Danish intervals are a simple session, one that I've used since about 2012, when it was first published. I've found it to be very effective for improving VO2max and running economy.
I've also used it to good effect with cyclists, in which scenario it's best used on a stationary cycle trainer.
It's not one for the faint-hearted. Expect to have a desperate desire to lie on the floor gasping for air and asking yourself what on earth came over you to attempt this.
As always, to be truly effective and to minimise injury risk, you do need to have a reasonable base of low intensity steady state training before doing intervals. As popular as the HIIT concept has become, intervals are a performance intervention and are no more than the cherry on top of a very large, well-iced cake.
The study, linked below, also found a positive effect on the health of trained individuals.
In my notation, the "Danish Intervals" session is written like this...
4 Rounds: 5 x (10s Sprint, 20s Hard Running, 30s Easy Running), Rest 2min
How to do it...
Warm up thoroughly, using a combination of steady state cardiovascular activity and some dynamic mobility exercises.

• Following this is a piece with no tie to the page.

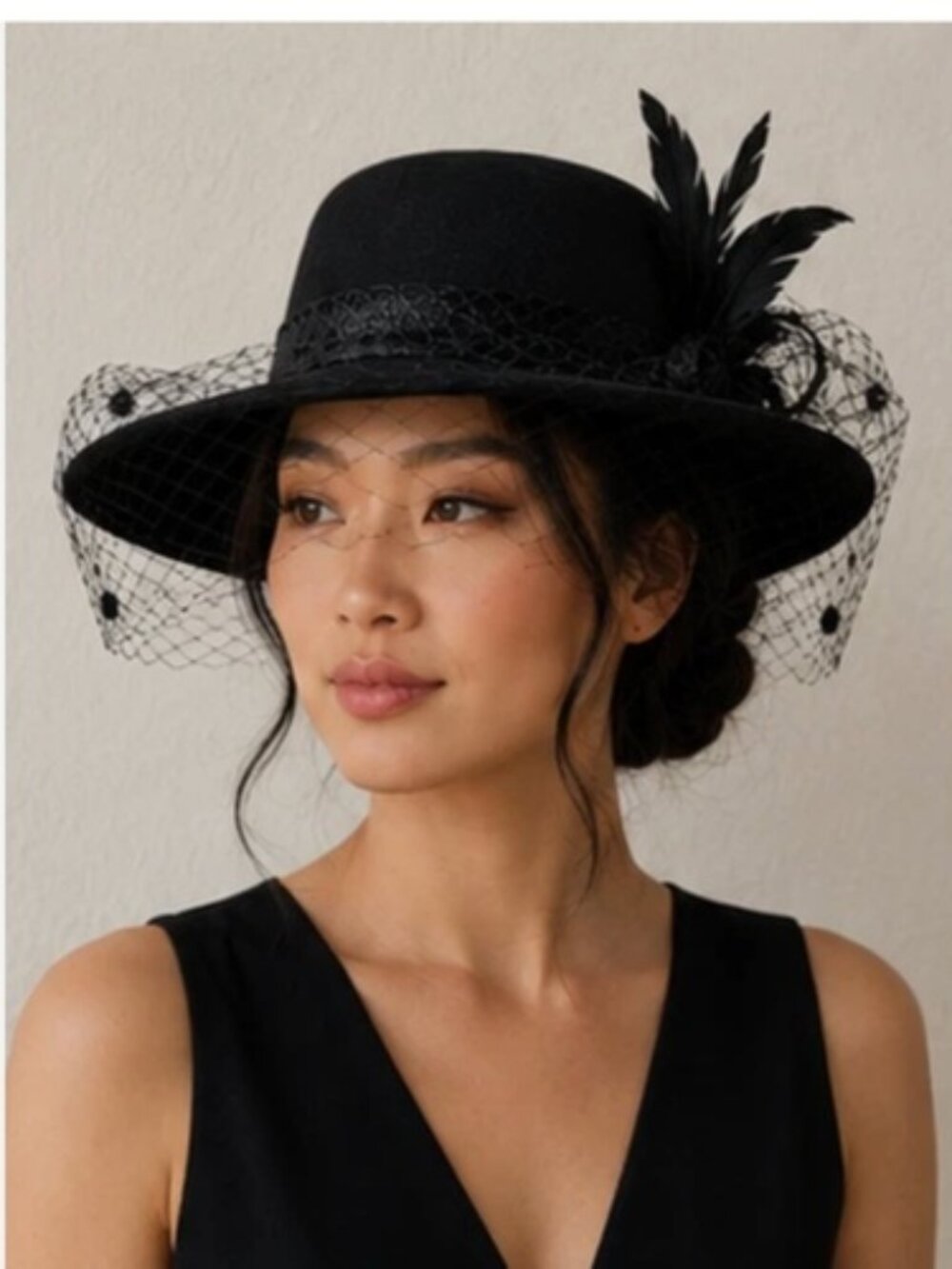Black Wool Felt Wide Brim Bowler Hat With Net Veil & Floral Derby 23" Party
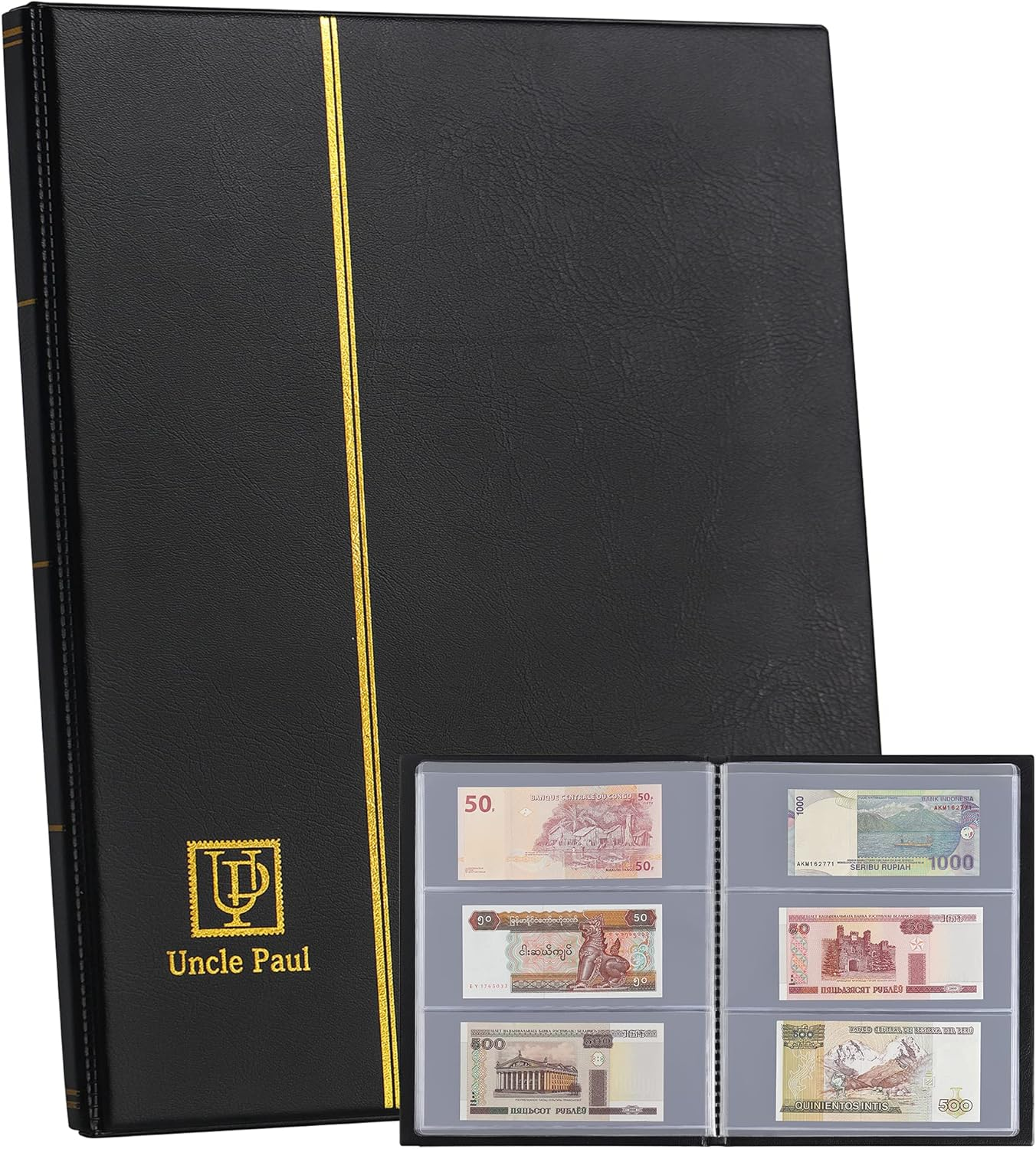 60 Pockets Currency Album-7.7"" X 3.2"" Banknotes Collecting Holder Leatherette Ha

- 10s Sprint - flat out, as hard as you can go
- 20s Hard Running - this is your race pace for 3-5km event. It's a high intensity effort
- 30s Easy Running - jogging to partially recover
- Repeat 5 times
- Rest 2 minutes
Repeat for up to 4 rounds.
(I would strongly suggest that you limit your first Danish Intervals session to 2 rounds, assess how you respond to that and, only then, add further rounds in subsequent sessions).
After you've completed the intervals, do at least 10 minutes of very easy jogging/walking to cool down properly.